## Required action
In the entries below, begin at the line that has "Hold the straw", stop after the line that has "How to properly", and output those lines exactly with no pictures.

[Collection entries]
· · · · ·

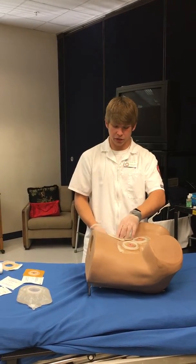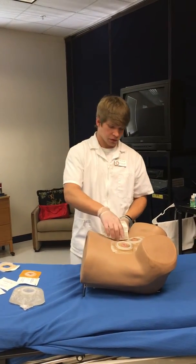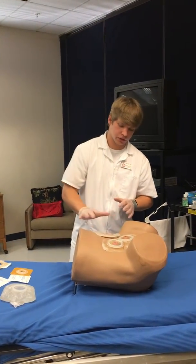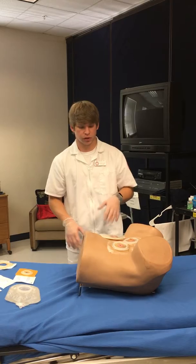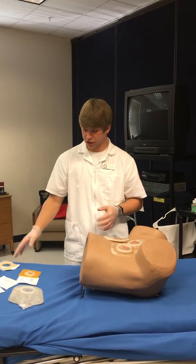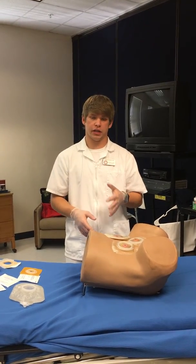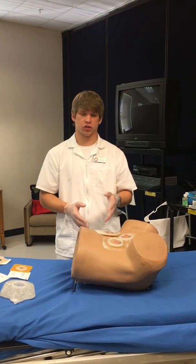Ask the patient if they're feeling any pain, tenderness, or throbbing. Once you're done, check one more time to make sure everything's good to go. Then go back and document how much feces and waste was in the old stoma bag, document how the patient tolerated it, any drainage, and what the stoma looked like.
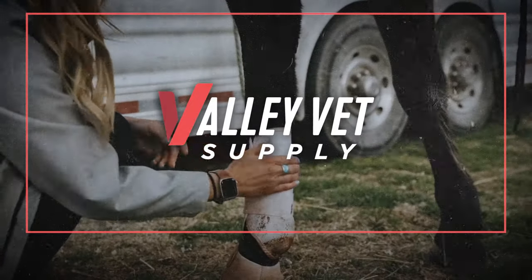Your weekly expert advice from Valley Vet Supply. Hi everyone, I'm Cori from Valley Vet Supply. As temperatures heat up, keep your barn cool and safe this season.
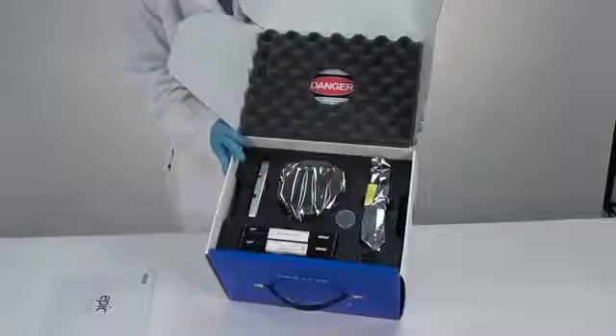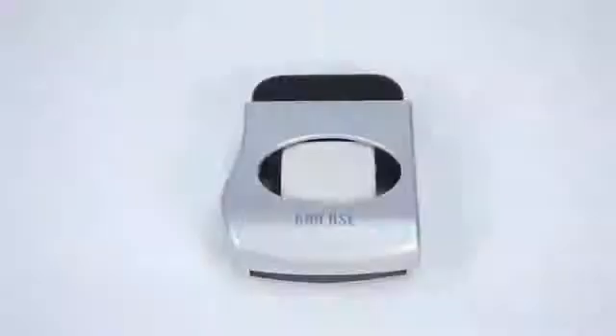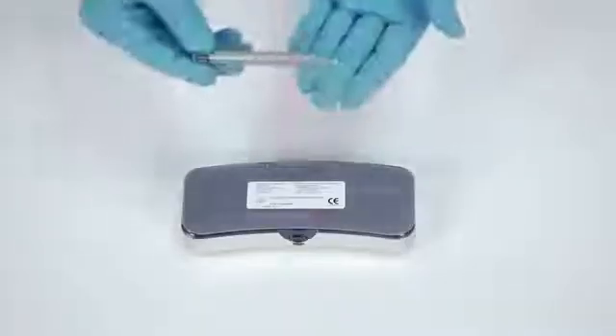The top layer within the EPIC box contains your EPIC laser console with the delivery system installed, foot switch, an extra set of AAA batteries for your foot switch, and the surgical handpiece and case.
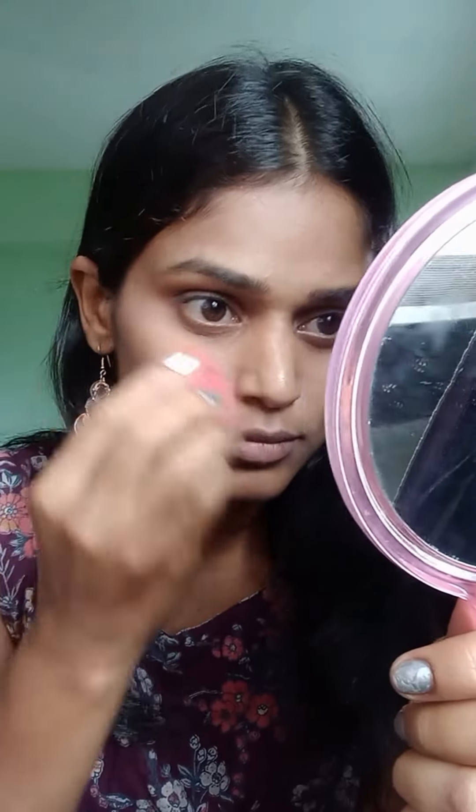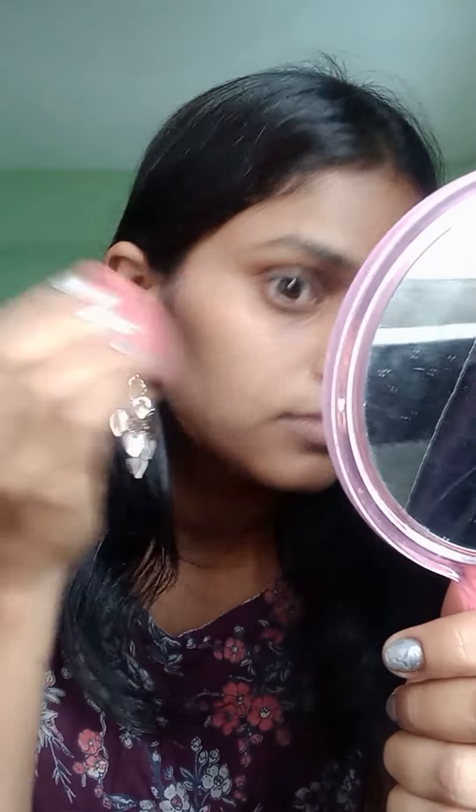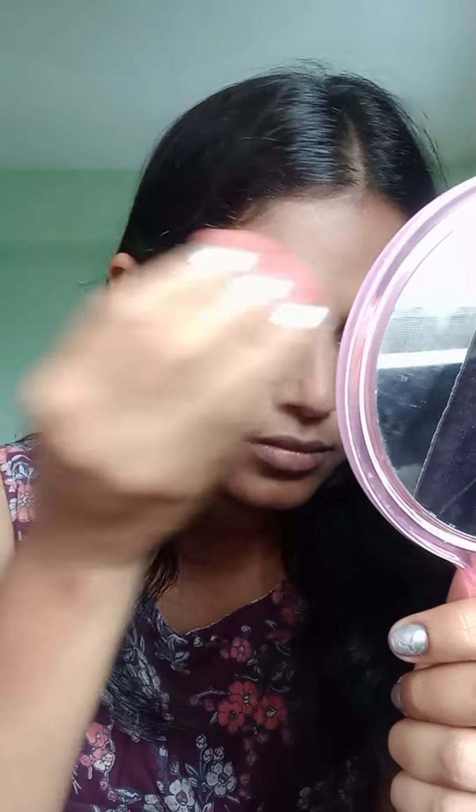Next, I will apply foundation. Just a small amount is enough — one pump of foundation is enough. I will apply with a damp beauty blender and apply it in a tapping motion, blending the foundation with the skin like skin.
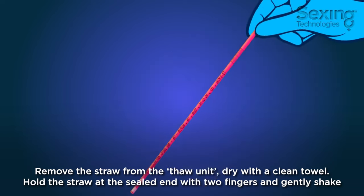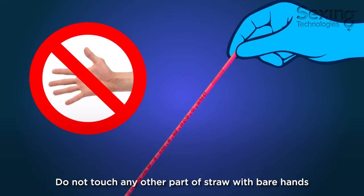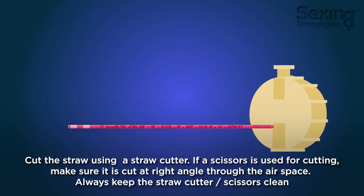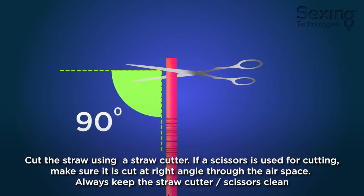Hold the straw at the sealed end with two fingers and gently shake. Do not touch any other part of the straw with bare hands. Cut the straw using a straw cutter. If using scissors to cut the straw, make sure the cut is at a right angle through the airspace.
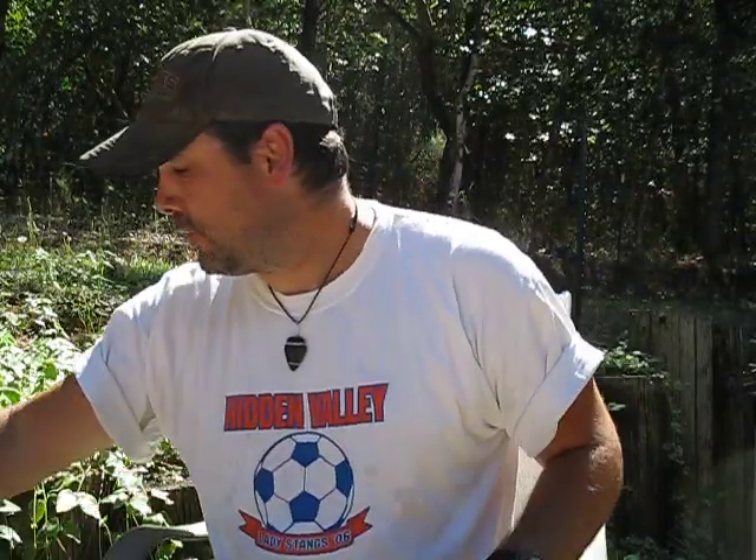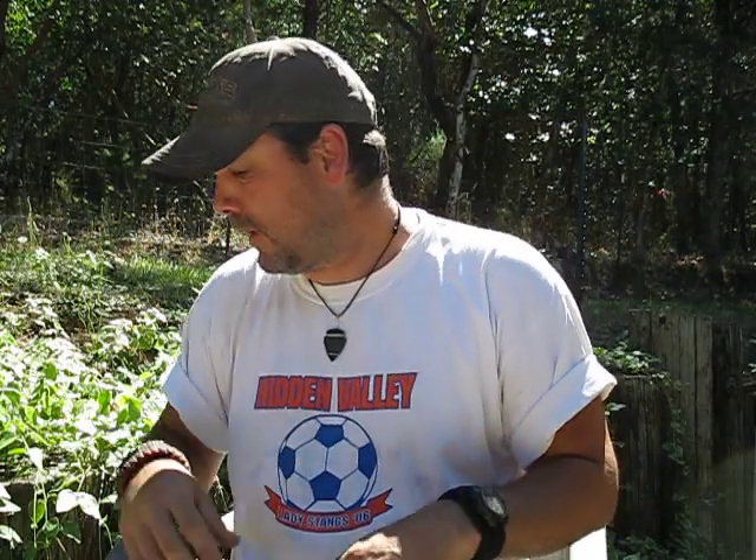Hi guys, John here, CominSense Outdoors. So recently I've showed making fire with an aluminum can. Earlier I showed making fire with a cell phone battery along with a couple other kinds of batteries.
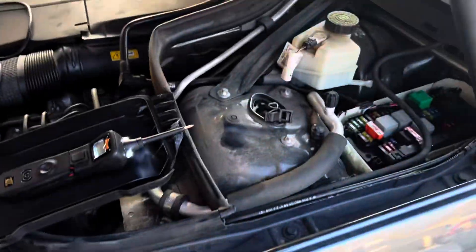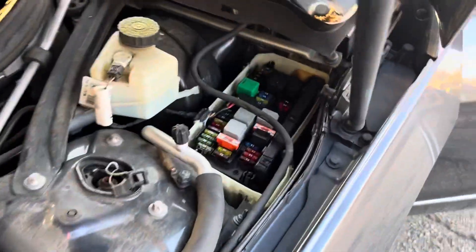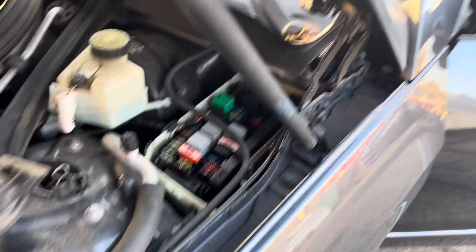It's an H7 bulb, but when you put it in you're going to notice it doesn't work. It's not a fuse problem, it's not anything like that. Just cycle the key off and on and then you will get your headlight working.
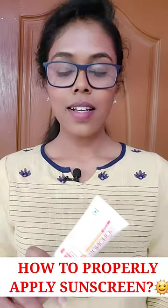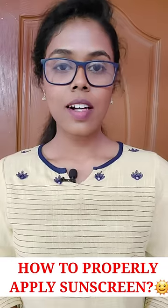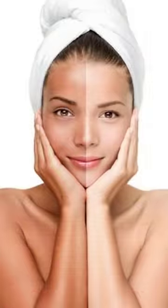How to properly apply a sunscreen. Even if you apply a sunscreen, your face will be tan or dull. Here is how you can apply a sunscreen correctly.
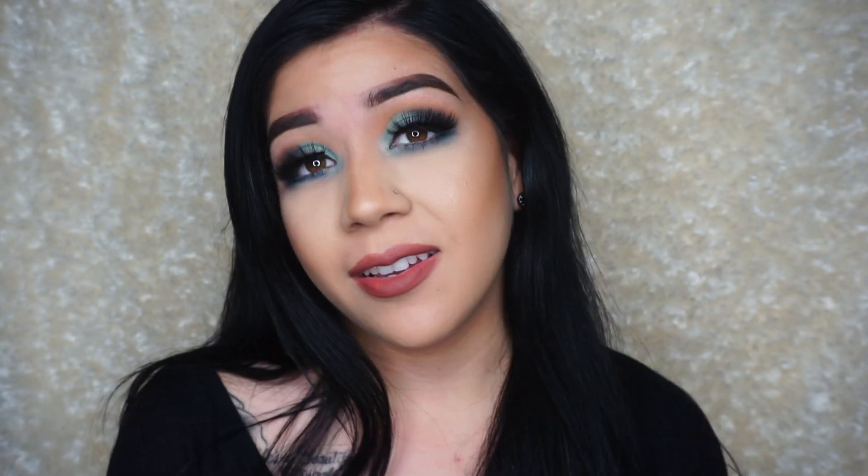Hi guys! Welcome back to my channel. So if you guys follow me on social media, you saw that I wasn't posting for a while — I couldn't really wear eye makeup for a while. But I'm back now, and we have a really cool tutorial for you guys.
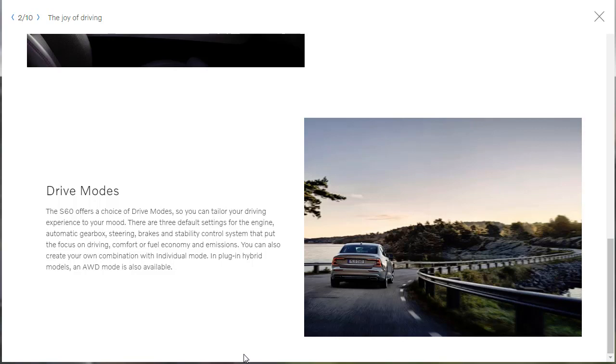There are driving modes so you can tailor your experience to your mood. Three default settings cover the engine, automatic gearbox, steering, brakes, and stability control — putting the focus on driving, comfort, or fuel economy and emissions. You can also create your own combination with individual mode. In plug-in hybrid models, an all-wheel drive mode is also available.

· · · · ·

## Problem solution
Hold the straw at the sealed end with two fingers and gently shake. Do not touch any other part of the straw with bare hands. Cut the straw using a straw cutter. If using scissors to cut the straw, make sure the cut is at a right angle through the airspace.
Hi guys, John here, CominSense Outdoors. So recently I've showed making fire with an aluminum can. Earlier I showed making fire with a cell phone battery along with a couple other kinds of batteries.
It's an H7 bulb, but when you put it in you're going to notice it doesn't work. It's not a fuse problem, it's not anything like that. Just cycle the key off and on and then you will get your headlight working.
How to properly apply a sunscreen. Even if you apply a sunscreen, your face will be tan or dull. Here is how you can apply a sunscreen correctly.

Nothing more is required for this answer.